这淮安城,绝非寻常边城,乃是南宋淮东防线的核心枢纽,北控淮河漕运,南接京杭大运河,西连濠州、庐州,东近扬州、高邮,是南宋抵御蒙古南下的江北第一要塞。自宋蒙开战以来,南宋朝廷倾尽国力经营此地,城墙加高加厚,护城河拓宽掘深,粮草囤积足够全城军民支撑三年,更有重兵驻守,堪称“江淮锁钥”。此城若失,两淮无险可守,蒙古铁骑便可沿运河南下,直逼长江,临安朝廷便会彻底暴露在兵锋之下。

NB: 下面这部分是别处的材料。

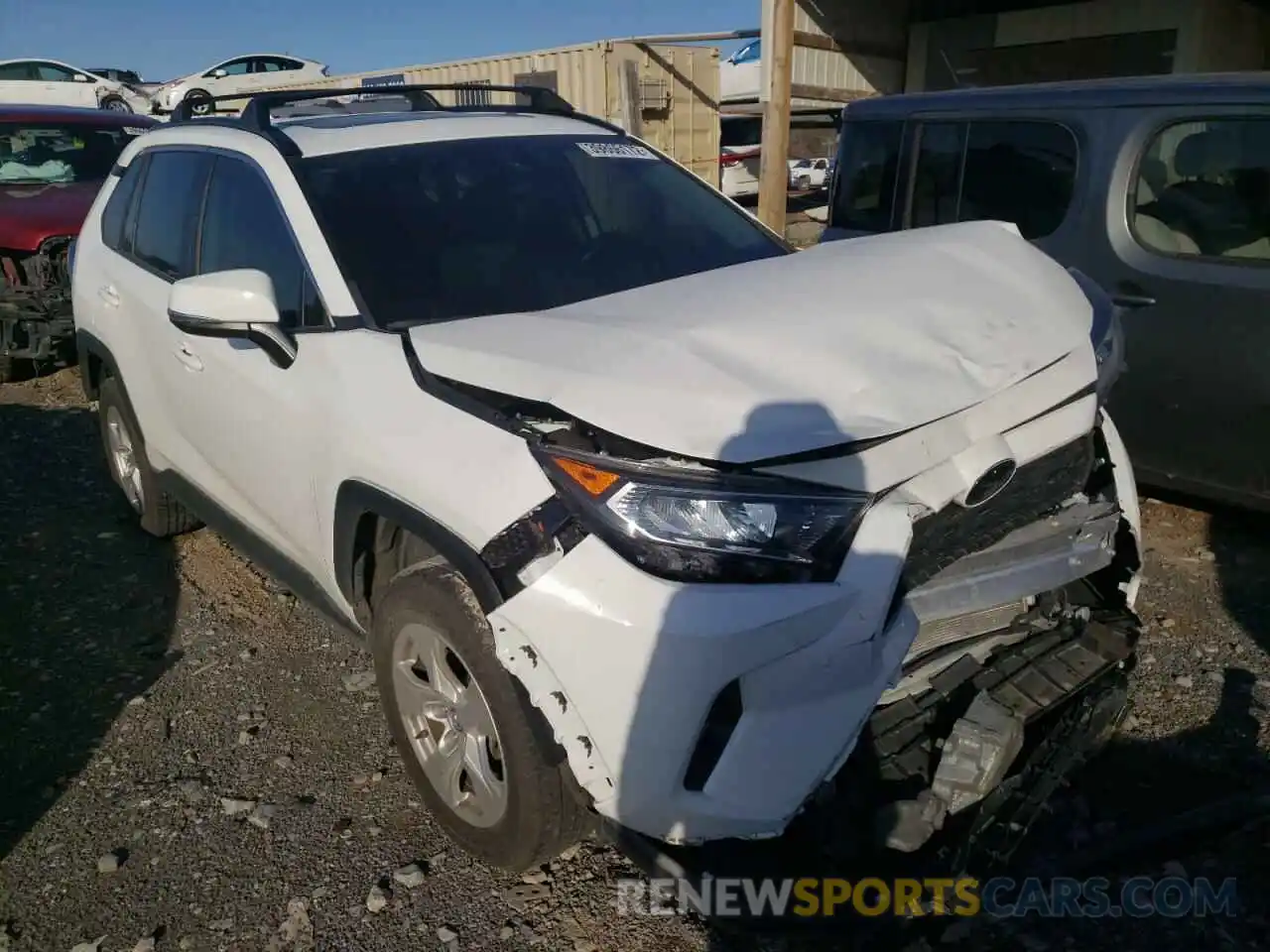 1 Photograph of a damaged car 2T3P1RFVXKW072955 TOYOTA RAV4 2019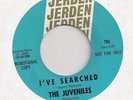 THE JUVENILES  I've Searched / Baby Baby (Jerden 795) NW Garage Mod Soul 45 HEAR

塔察儿统领东路十万大军,含辽东蒙古精锐、漠南万户铁骑、汉军世侯张柔所部,以及契丹、女真附庸骑兵,兵临淮安城下,半日之内便完成合围。蒙古军营寨连绵数十里,东到运河堤岸,西至淮水浅滩,南堵扬州援军通道,北截濠州救兵来路,连河面舟船都被轻骑封锁,连一只水鸟都难飞出包围圈。南宋淮安守军,彻底成了笼中困兽、釜底游魂。
城外蒙古军威滔天,淮安城头,亦是气氛死寂如冰。
此刻立于城楼最高处,身披重铠、手扶垛口的宋军主帅,正是南宋淮东制置使——李曾伯。
先交代此人来历:李曾伯,字长孺,号可斋,覃怀人,后迁居嘉兴,南宋中后期极负盛名的疆臣、主战名将,历仕理宗一朝,长年镇守边关,先后出任京湖制置使、淮东制置使,兼知扬州、淮安重地,深谙边防军务、守城战法,一生力主抗蒙,治军极严,是南宋江淮防线的顶梁柱之一。此时他以淮东制置使、兼知淮安军的身份,全权统领淮东五万守军,坐镇淮安,抵御蒙古东路主力。
李曾伯年过五旬,面容清癯,鬓边已染霜白,常年边塞风霜,在他脸上刻满沟壑,一双眼眸却依旧锐利如鹰。他身披通体墨色铠甲,外罩绯色战袍,腰间悬着佩剑,指尖死死攥着城垛青砖,指节泛白,目光穿过漫天风沙,死死盯着城外无边无际的蒙古大营。
只见蒙古阵营之中,玄甲铁骑列阵如山,枪矛如林,刀光映日生寒;黑色九斿白纛、黄金家族宗王大旗、狼头战旗,在秋风中猎猎作响,几乎遮蔽半边天空;百余架回回炮、重型投石机、床子弩一字排开,粗大炮臂直指城头,杀气扑面而来;营中战马嘶鸣、号角低回、士卒操练呼喝声声入耳,那股横扫欧亚、从无败绩的铁血煞气,压得城头宋军几乎喘不过气。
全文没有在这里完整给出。